Having recently traveled in India and after meeting development folks of various stripes from economists in Delhi to social entrepreneurs in Hyderabad to geeks in Bangalore , I’m struck again by how important local data remains. It’s one thing to talk about global economic trends and macro indicators but quite another to understand what’s happening in one Indian state, say Andra Pradesh, compared to its neighbors. Imagine a citizen group comparing rainfall data between states , at the district level, compared to crop yields over two decades. That’s when things get interesting and potentially useful to users.
Much of the data we’ve “liberated” at the World Bank will be helpful to policy wonks, researchers, and perhaps students of global development but for most media organizations, civil society groups, and citizens, what matters most remains local or even hyper-local. So where’s that data and how do make it more widely available? Where’s the micro-data upon which national statistics are built and global indicators published? Why is it so seldom available? When will governments (rather than just international organizations) embrace Open Data and all the possibilities it affords?
Let’s start by acknowledging that data is political. To make information available on differential rates of development within a country is bound to create tension. Why are parts of countries developing faster than others? How are rates of “development” correlated to ethnic groups or faith communities? The truth is seldom clear but people regularly make claims based on anecdotal data or false information. Making information available to more people more regularly means more opportunities to cross check facts and allows a system of checks and balances to emerge.
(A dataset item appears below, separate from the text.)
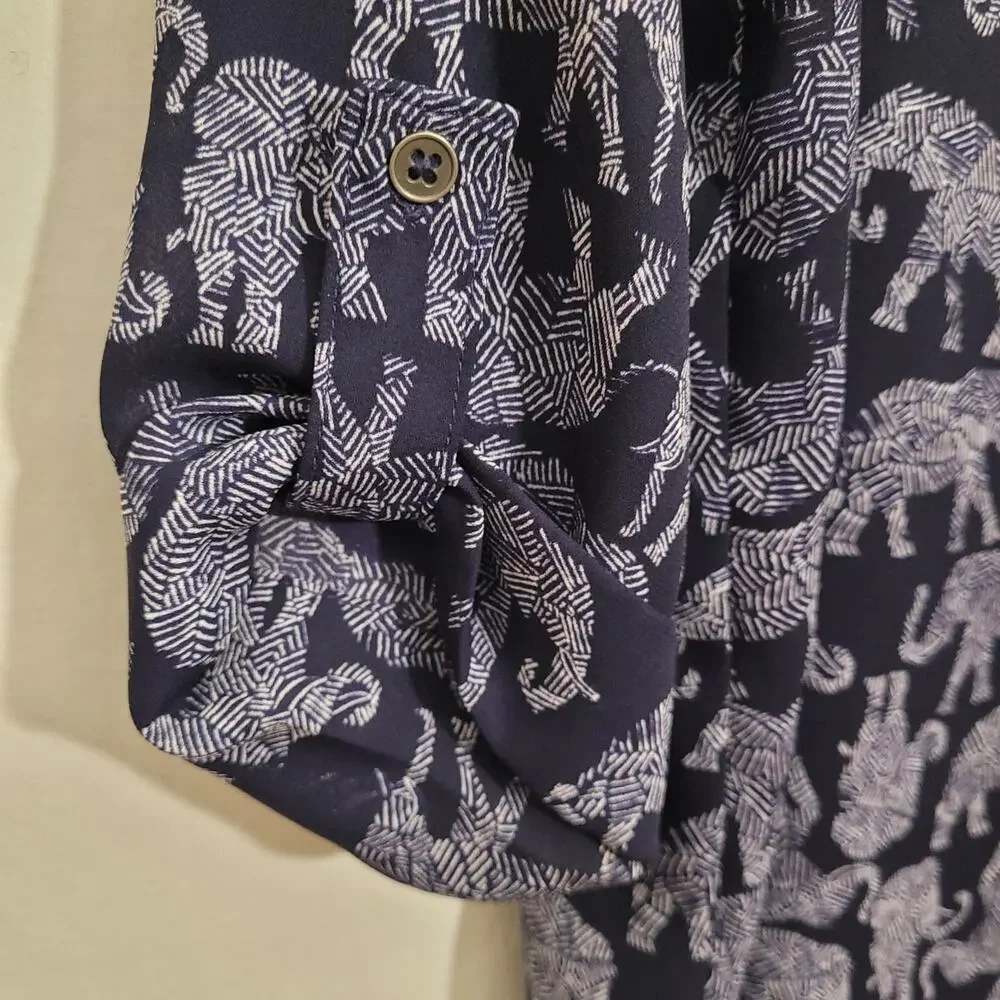 MIX Women’s Medium Navy Elephant Print Blouse Tunic 3/4 Sleeve Lightweight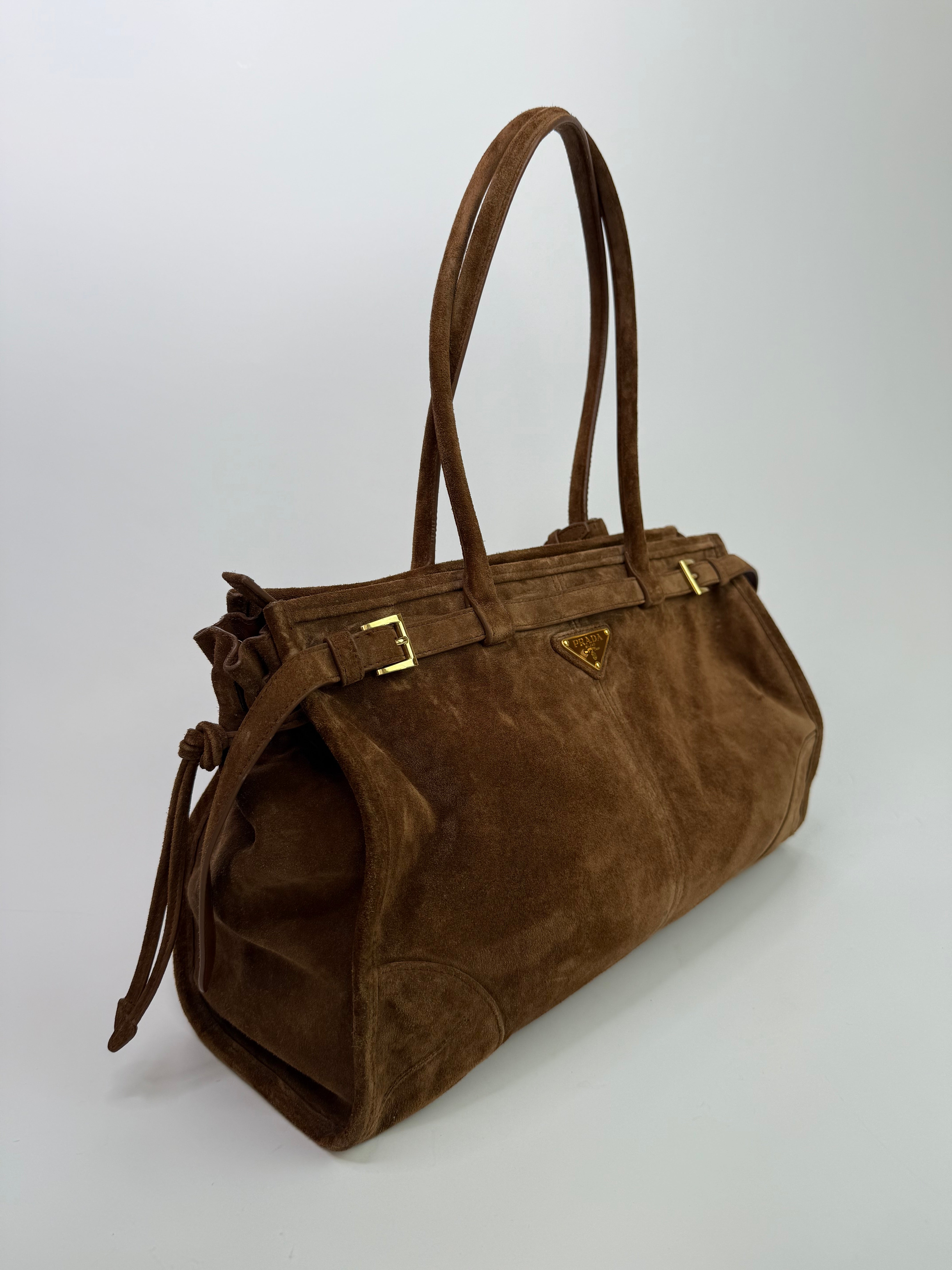 Prada Large Bonnie Suede Handbag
It takes an ecosystem to build a well functioning democratic order. That ecosystem needs to provide reliable and clean fuel to many actors necessary to govern effectively. Data is fuel and reliable data in usable formats is refined fuel. I’m hoping the Bank’s Apps for Development Global Competition surfaces many national and local data sets that can be combined with global indicators to understand how things at the local level compare with global trends. I hope we also pinpoint where important gaps in data exist and where we need to work harder to find reliable information to solve important problems. In a world of data deluge, there is no shortage of information collected but parsing it, sorting it, and making it relevant locally is the real challenge. We want to hear from you, see your ideas, and work with you to make available the raw material to power the next economic or scientific revolution.